S&P Raises Outlook On Greece Ahead Of Bond Sale, Keeps B- Rating


Consider it a kiss to the bond investors who are expected to oversubscribe the upcoming latest “triumphal” Greek return to the bond markets, as soon as next week. Moments ago, rather unexpectedly, S&P raised its outlook on Greece from Stable to Positive, but reaffirmed the Greek rating at B-. The rating agency, said it believes that “recovering economic growth, alongside legislated fiscal reforms and further debt relief, should enable Greece to reduce its general government debt-to-GDP ratio and debt servicing costs through 2020.”

We have therefore revised the outlook on Greece to positive from stable while affirming our ‘B-‘ long-term foreign and local currency sovereign credit ratings.

The positive outlook indicates our view that, over the next 12 months, there is at least a one-in-three probability that we could raise the ratings.

In other words, buy the Greek bonds, but beware a repeat of what happened in 2014.

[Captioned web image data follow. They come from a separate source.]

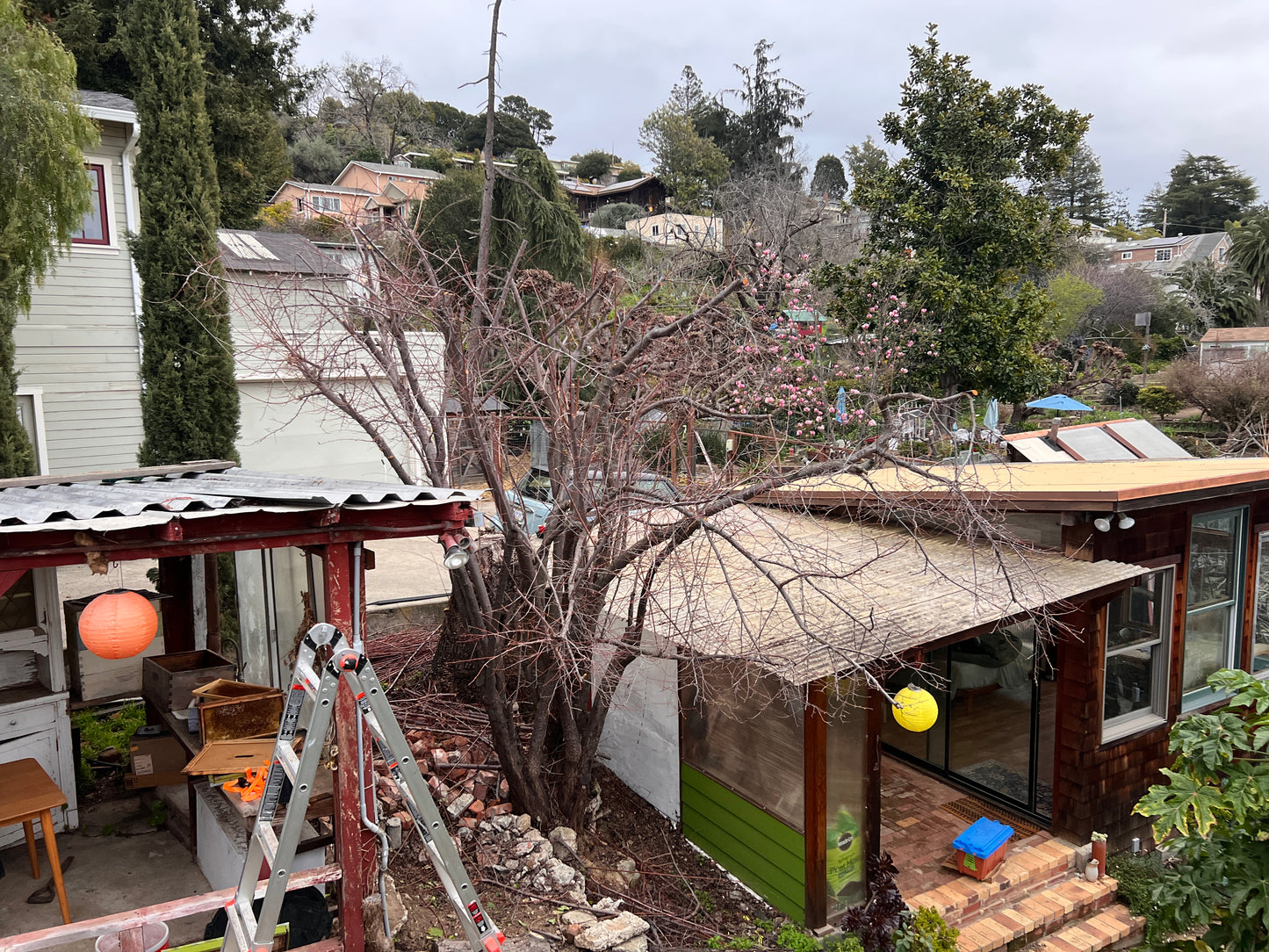 Fruit Tree Pruning 101 - 12/7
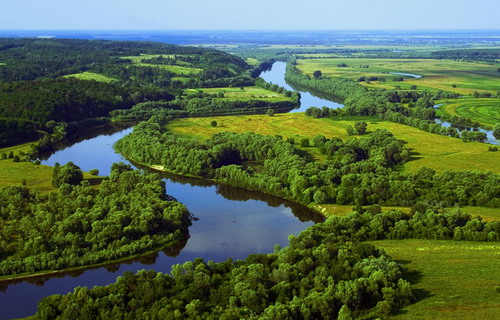 Шматочок національного природного парку “Подесіння” в Менському районі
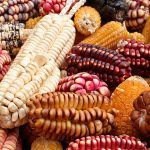 MexicanCornVarieties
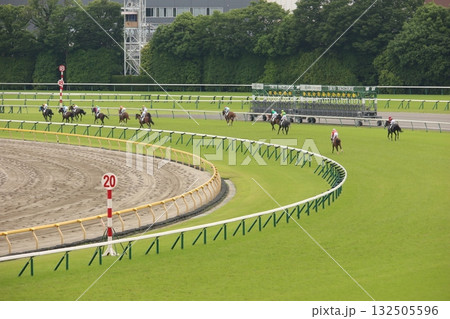 レースを終えて引き上げる馬たち レースを終えて引き上げる馬たち 132505596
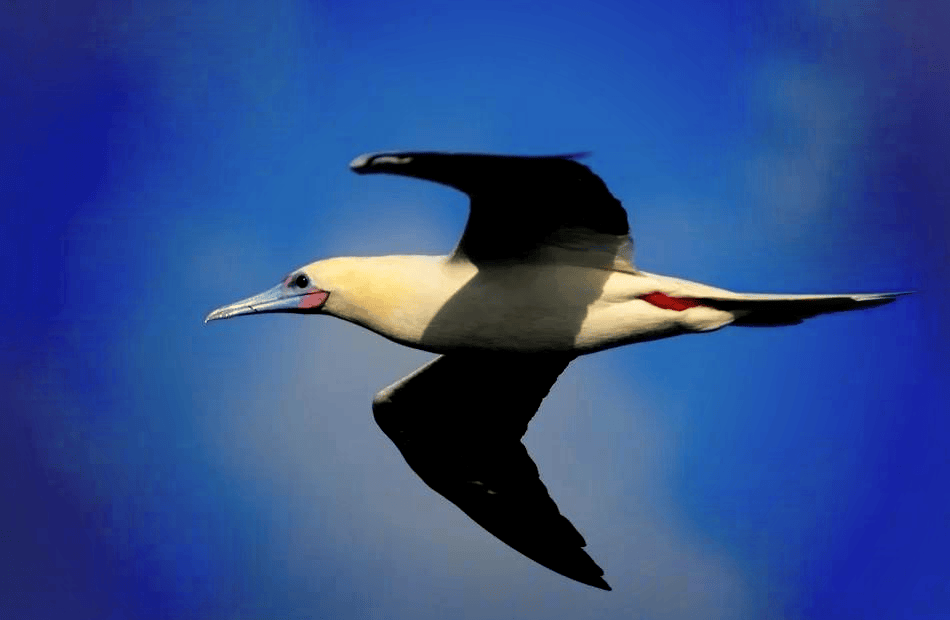 画家吕文扬与鲣鸟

Full S&P note below (link):

Outlook On Greece Ratings Revised To Positive; ‘B-‘ Long-Term Ratings Affirmed

RATING ACTION

On July 21, 2017, S&P Global Ratings revised the outlook on the Hellenic Republic (Greece) to positive from stable. We affirmed the ‘B-/B’ long- and short-term foreign and local currency sovereign credit ratings.

RATIONALE

The outlook revision reflects our expectation that Greece’s general government debt and debt servicing costs will gradually decline, supported by economic recovery, legislated fiscal measures through 2020, and a commitment from Greece’s creditors, specifically from the Eurogroup, to further improve the sustainability of its sovereign debt burden.

The Eurogroup, in its statement on June 15, 2017, has agreed to facilitate market access for Greece through the creation of a cash buffer via disbursements over and above the amount needed for the Greek government to meet debt servicing obligations and pay down domestic arrears. In our opinion, this support is likely to pave the way for Greece to successfully reenter sovereign bond markets this year.

We also understand that the Eurogroup has reiterated its intention to provide Greece with further extensions on loans from the European Financial Stability Facility, as well as deferrals on debt service at the conclusion of the European Stability Mechanism (ESM) program in August of next year. These loans, contracted during Greece’s second program, constitute the largest chunk of Greek government debt. Such additional measures, once put into effect, will further lengthen Greece’s debt maturity profile–from more than 18 years presently–and reduce its annual gross financing needs. The amortization of Greek debt will peak in 2019 at about €13.5 billion, an estimated 7% of GDP; however, we expect the government to issue market debt to smooth upcoming redemptions, including the 2019 maturities. In every other year from 2018 until 2023, we estimate that repayment obligations will be less than 4% of GDP.